Separação de famílias na fronteira dos Estados Unidos ainda não funciona como dissuasão para os que fogem da violência e da miséria

Pablo Ximénez de Sandoval
Rafael Castillo, Georgina Ayala e seus filhos, na segunda-feira em um albergue de Tijuana, onde esperam para atravessar aos Estados Unidos.
Rafael Castillo, Georgina Ayala e seus filhos, na segunda-feira em um albergue de Tijuana, onde esperam para atravessar aos Estados Unidos.P.X.S.

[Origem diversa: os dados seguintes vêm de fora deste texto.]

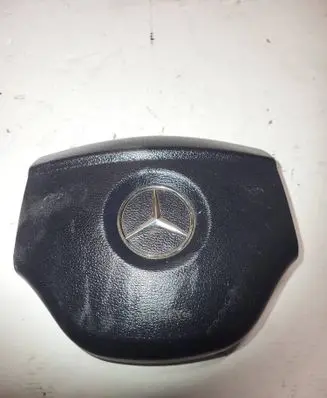 Mercedes-Benz GL X164 Steering wheel airbag A1644600098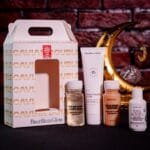 Pack Tanino Double Caviar Honey Plus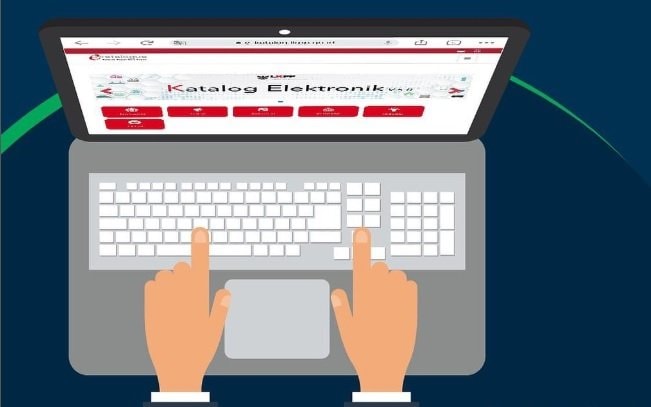 OPD di Pemprov Kaltim Diimbau Arahkan Rekanan Pakai E-Katalog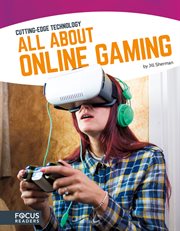 All about online gaming cover image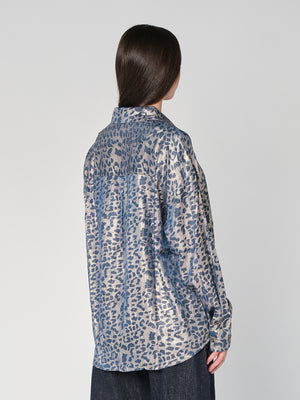 Camicia st animalier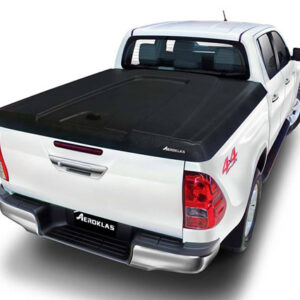 Full-Box Aeroklas Toyota Hilux
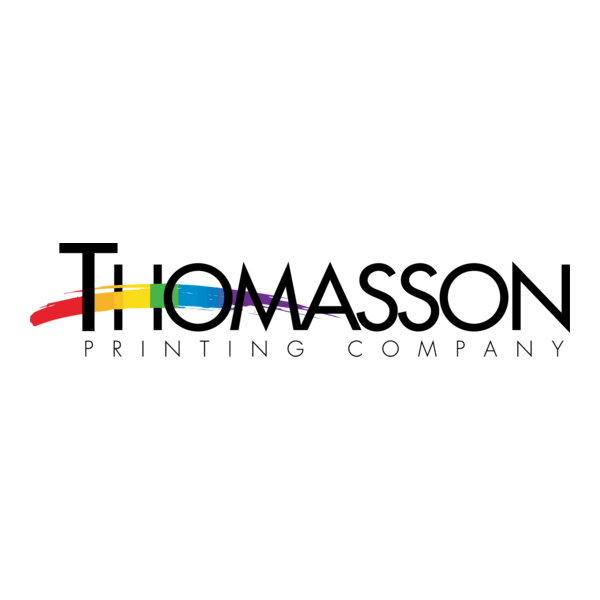 Thomasson Logo PNG Vector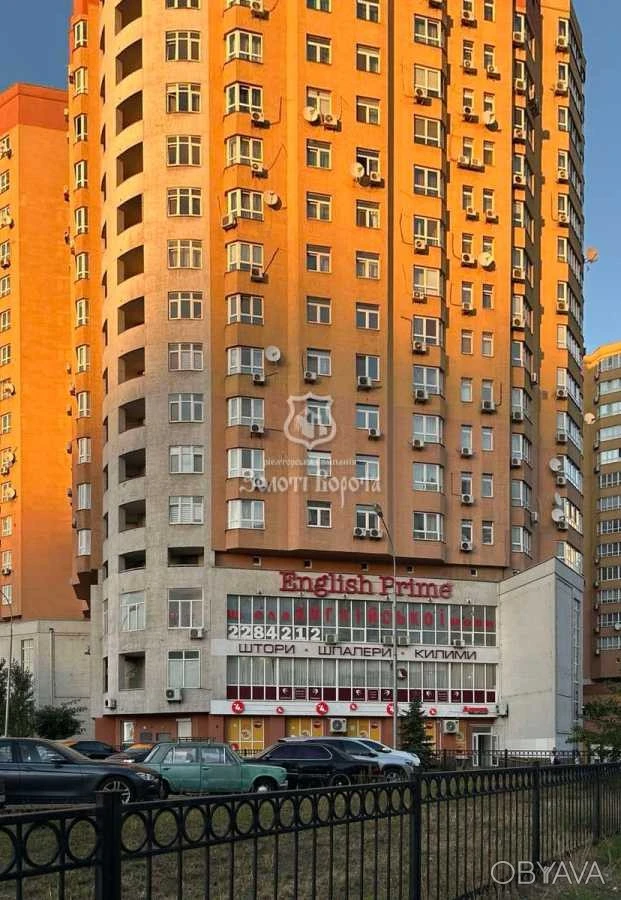 3-bedroom apartment, 102.6 sq m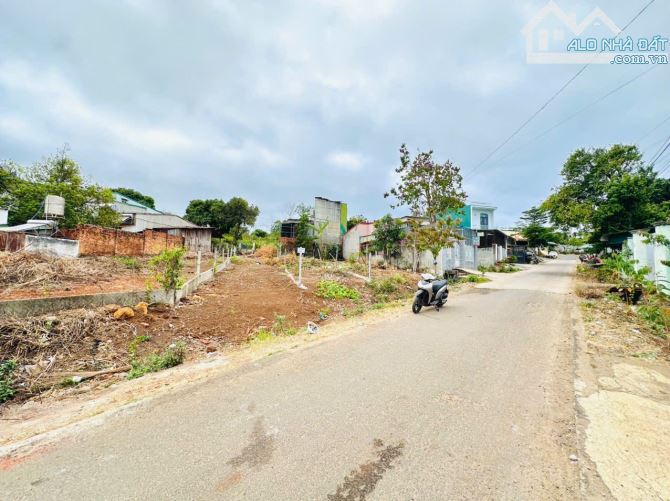 BÁN ĐẤT MT MAI THỊ LỰU (4,6x23) THUẬN LỢI KINH DOANH  GẦN DH TÂY NGUYÊN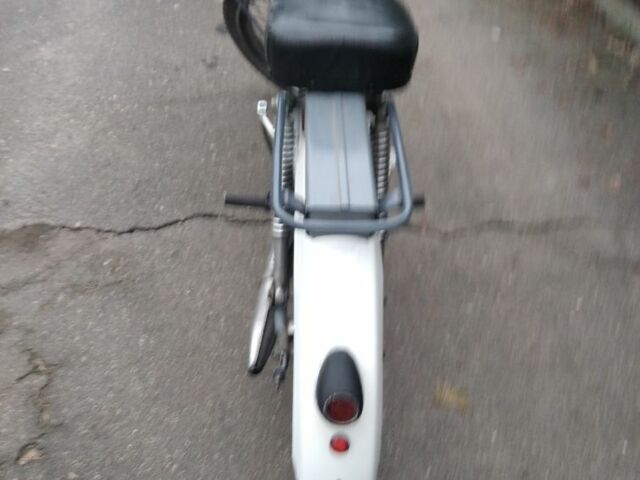 Рига Інша, об'ємом двигуна 50 л та пробігом 0 тис. км за 119 $, фото 3 на Automoto.ua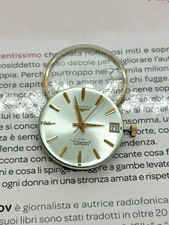 Movimento Longines Cal.291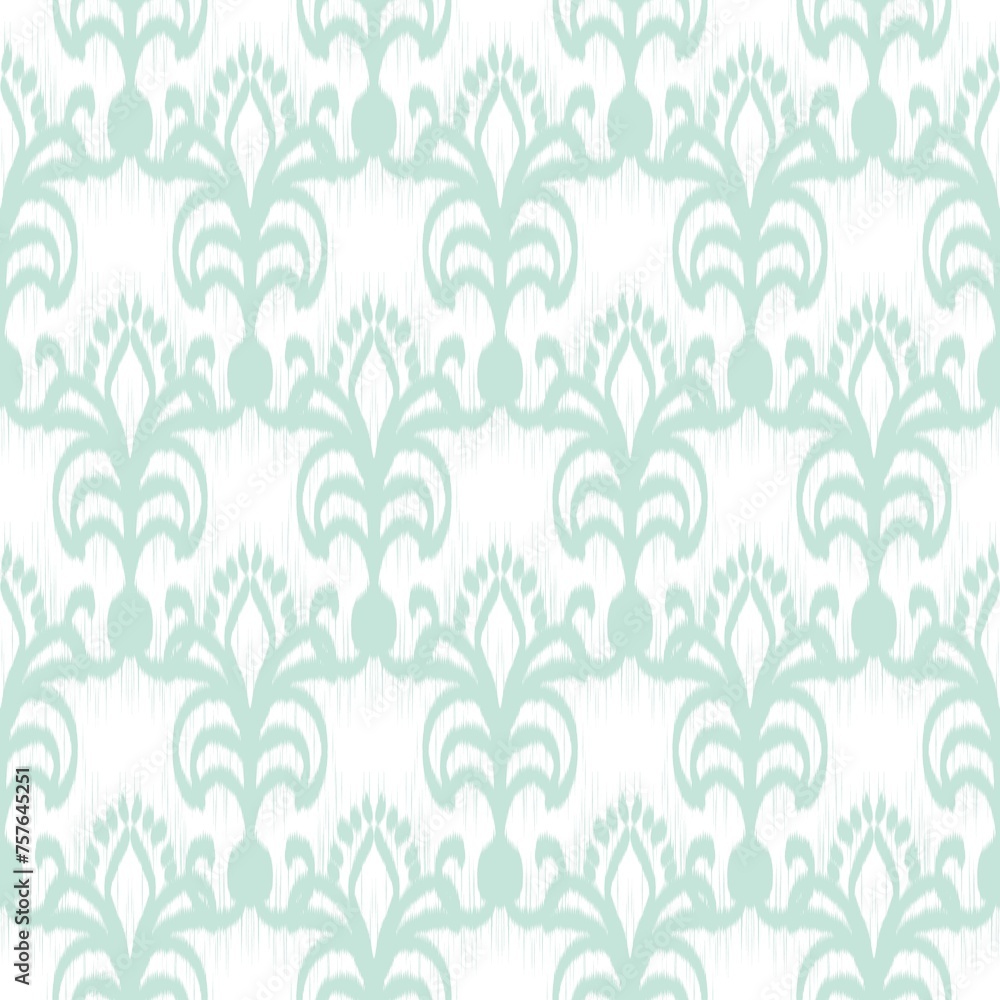 backgroundIkat Flower Pattern Ethnic Geometric native tribal boho motif aztec textile fabric carpet mandalas African backgroundIkat Flower Pattern Ethnic Geometric native tribal boho motif aztec textile fabric carpet mandalas African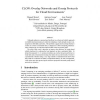 CLON: Overlay Networks and Gossip Protocols for Cloud Environments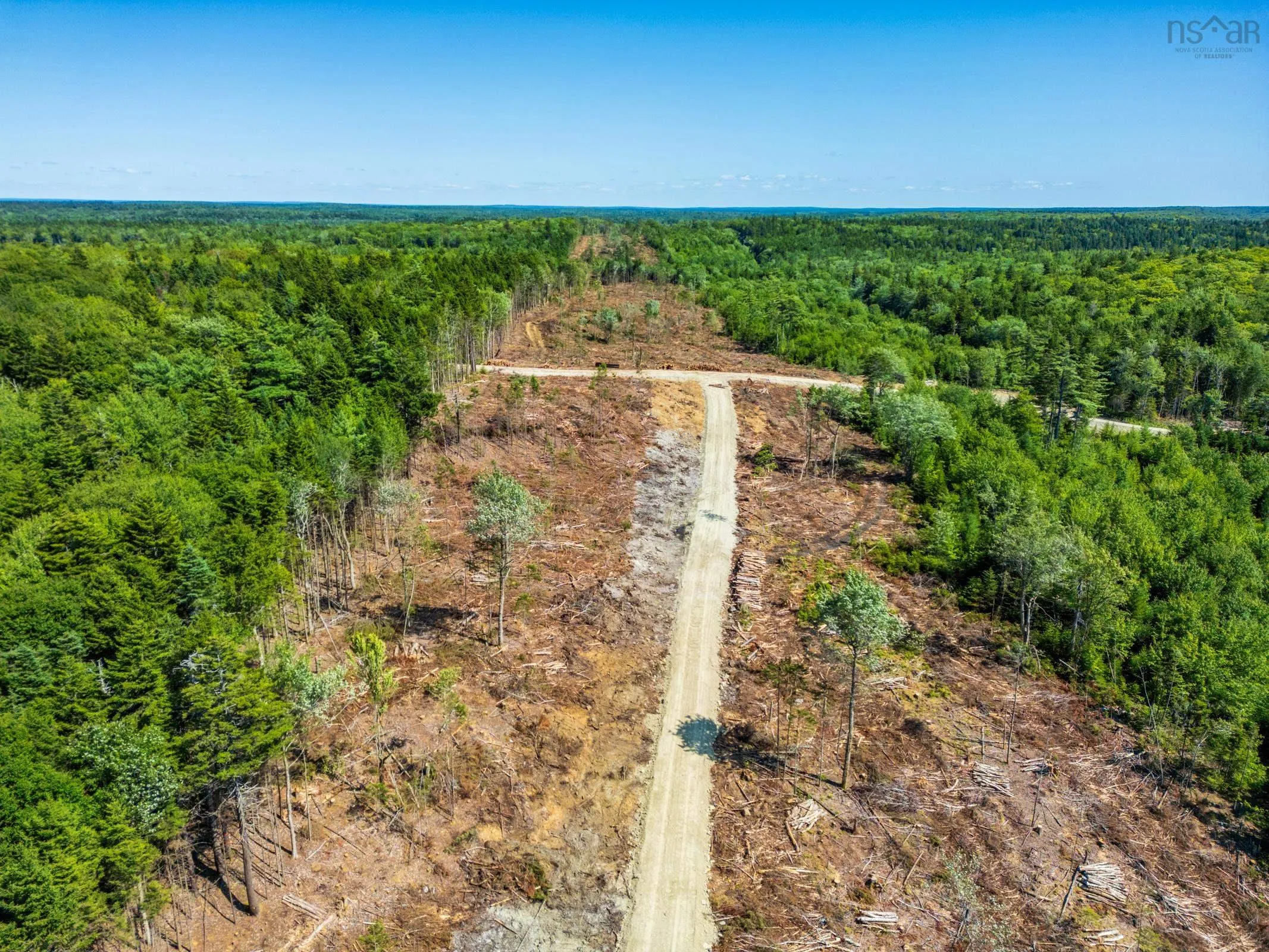 Lot Ticken Lake Road, Briar Lake, NS B0W 3T0, ,Land,For Sale,Ticken Lake Road,202518890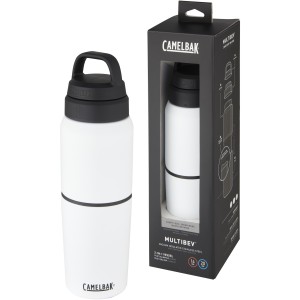 CamelBak<sup>®</sup> MultiBev 500 ml vakuumisolierte Edelstahlflasche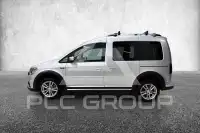 2019 Volkswagen Caddy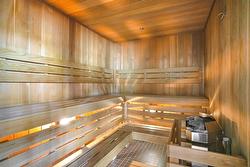 Sauna - 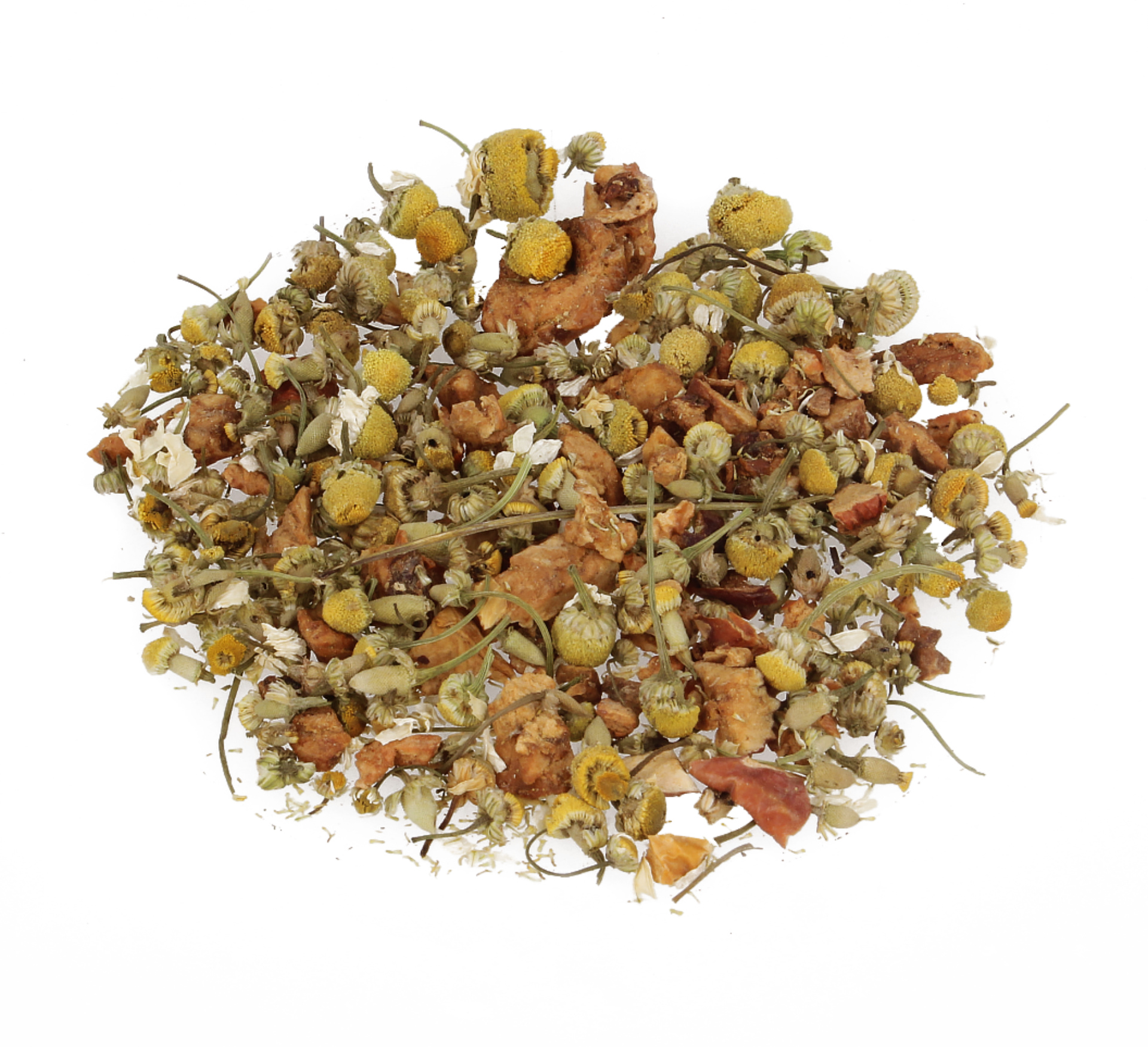 Schlürf - Tüüten - No. 12 Bio Kräutertee "Klara" (25er)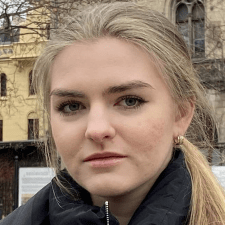 Фрилансер Елизавета Н. — Украина. Специализация — Дизайн сайтов, Создание сайта под ключ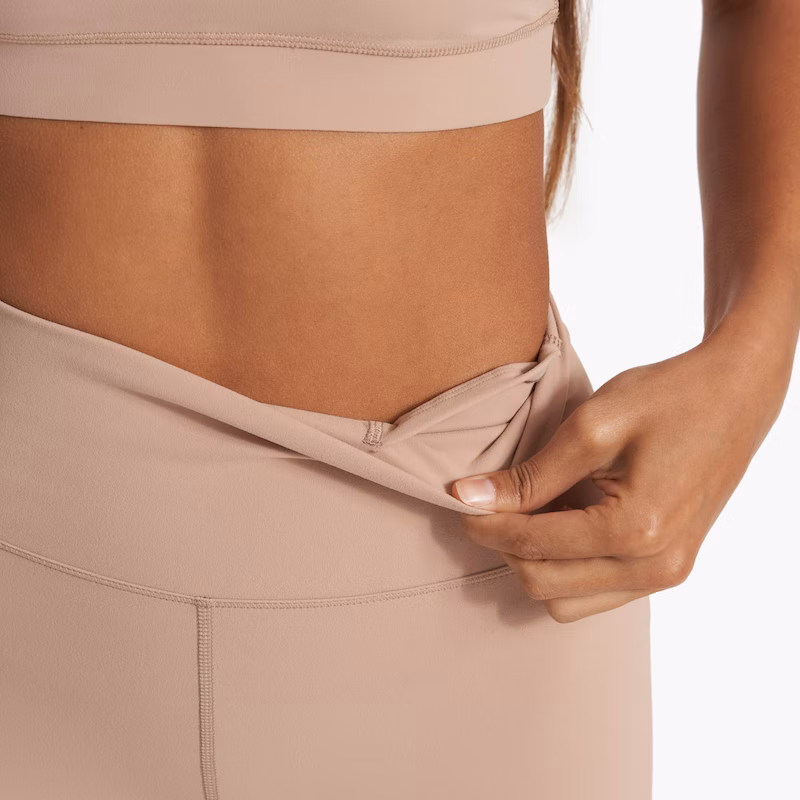 High Waist Yoga Wide Leg Pants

É preciso algo mais do que Donald Trump para amedrontar Rafael Castillo. Em 2 de maio, na hora da refeição, terminou seu trabalho colhendo limões em um campo de Apatzingán, Michoacán, no México. Depois de cumprimentar seus pais, se dirigia para casa quando recebeu uma ligação: “Acabam de matar seus irmãos”. Pistoleiros atiraram em dois de seus irmãos na frente de seus pais. De noite, caminhonetes com homens armados esperavam-no em sua casa. Uma amiga de sua esposa comprou-lhes imediatamente passagens de avião a Tijuana para eles e seus três filhos, onde chegaram com a roupa do corpo no dia 3 de maio.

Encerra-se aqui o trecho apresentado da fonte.